Pensez aux PittBull, Rottweiller,..., qui menacent d'être éliminés du territoire
français pour la seule raison qu'ils ont la malchance d'avoir des maîtres "non
recommandables" aux yeux de la loi...Faut-il punir une race sous-prétexte qu'une
poignée d'individus utilise cette race à des fins détestables... ? Le débat qui
s'anime en France sur l'interdiction du PittBull est, comme vous pouvez le
constater, du déjà vu !! Par contre, les anglais ont sans doute été plus
intelligents car ils se sont contentés non pas d'interdire le chien mais son
dressage au combat... Que les intellectuels qui pondent des lois en prennent
note ! |
En 1835, le Parlement
Britannique interdit donc le bull baiting, et, même si ce sport ne
disparaît pas complètement des comtés les plus éloignés de Londres avant la fin
du XIXe siècle, l'élevage du BullDog est petit à petit abandonné. Ce
n'est que dans les combats entre chiens - eux aussi interdits mais qui peuvent
plus facilement se dérouler dans des arrières-cours de pubs, des granges ou des
caves privées - que certains sujets sont reconvertis. Mais ils se montrent peu
adaptés à ce "genre de sport"; sans que leur agressivité et leur courage ne
soient en cause, on eur reproche de ne pas être assez spectaculaires et on leur
préfère les Bull-Terriers issus de BullDogs et de Terriers.
Au milieu du
XIXe siècle, le BullDog était en voie de disparition et, en 1859, la
race était absente de la première exposition canine. Ce n'est qu'à l'exposition
de Birmingham, l'année suivante, puis à celles de de Sheffield et de Londres,
que des sujets furent présentés pour la première fois. Ce fut là une grande
victoire, qui poussa quelques éleveurs et amateurs de BullDogs à fonder un club,
en 1864. Sous le pseudonyme de "PHILO KUON" (l'Ami du chien), ils rédigèrent un
standard qui fut publié l'année suivante par le trésorier du Club, Sam Wickens.
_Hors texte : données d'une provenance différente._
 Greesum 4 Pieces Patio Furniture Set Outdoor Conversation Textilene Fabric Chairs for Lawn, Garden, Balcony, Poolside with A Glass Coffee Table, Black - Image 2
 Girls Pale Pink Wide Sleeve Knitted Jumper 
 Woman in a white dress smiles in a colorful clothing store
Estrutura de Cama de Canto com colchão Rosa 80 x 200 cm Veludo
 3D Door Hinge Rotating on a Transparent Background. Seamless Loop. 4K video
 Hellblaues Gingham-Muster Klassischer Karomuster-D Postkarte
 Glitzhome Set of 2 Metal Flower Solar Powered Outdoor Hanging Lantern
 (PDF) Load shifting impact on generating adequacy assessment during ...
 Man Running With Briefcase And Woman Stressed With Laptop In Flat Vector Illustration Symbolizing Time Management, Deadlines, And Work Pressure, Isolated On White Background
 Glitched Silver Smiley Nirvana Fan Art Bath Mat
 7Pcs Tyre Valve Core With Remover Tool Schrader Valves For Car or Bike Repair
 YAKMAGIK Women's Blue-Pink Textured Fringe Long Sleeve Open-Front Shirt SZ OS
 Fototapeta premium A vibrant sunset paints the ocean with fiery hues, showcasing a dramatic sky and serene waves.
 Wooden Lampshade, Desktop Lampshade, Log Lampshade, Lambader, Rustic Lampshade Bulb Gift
Si le standard décrivait à l'évidence un BullDog de cette époque,
c'est-à-dire un animal large et compact assez proche du Boxer, il est tout aussi
certain que les rédacteurs avaient comme idéal un animal assez différent. Dès
lors, les éleveurs, qui n'avaient pas connu les anciens de combat et qui
suivaient à la lettre le standard, allaient s'orienter vers un autre type de
chien, plus bas sur pattes, encore plus compact, plus court, à la tête plus
massive et au museau effacé. Cette transformation fut au coeur d'un long débat,
qui n'est d'ailleurs toujours pas clos.
C'est ainsi qu'en 1893, dans son
ouvrage déterminant Non-Sporting Dogs, Rawdon Lee écrivait : "Le temps
peut malmener terriblement les monuments historiques, mais jamais encore il
n'avait avili quelquechose d'une façon aussi burlesque que notre symbole
national : le BullDog britannique. Sélectionnés dans un but précis (aujourd'hui
supprimé depuis longtemps), les sujets actuels sont le résultat d'une sélection
portant sur des choses qu'on ne trouve chez aucun autre chien. Rien ne corrobore
l'affirmation selon laquelle ils sont élevés aujourd'hui tels qu'ils se
présentaient il y a 60 ans".
Que reprochait-on donc aux premiers
éleveurs pour qu'ils soient comparés à de vulgaires vandales ? Tout simplement
de faire de ce chien pas comme les autres le contraire de tous les chiens.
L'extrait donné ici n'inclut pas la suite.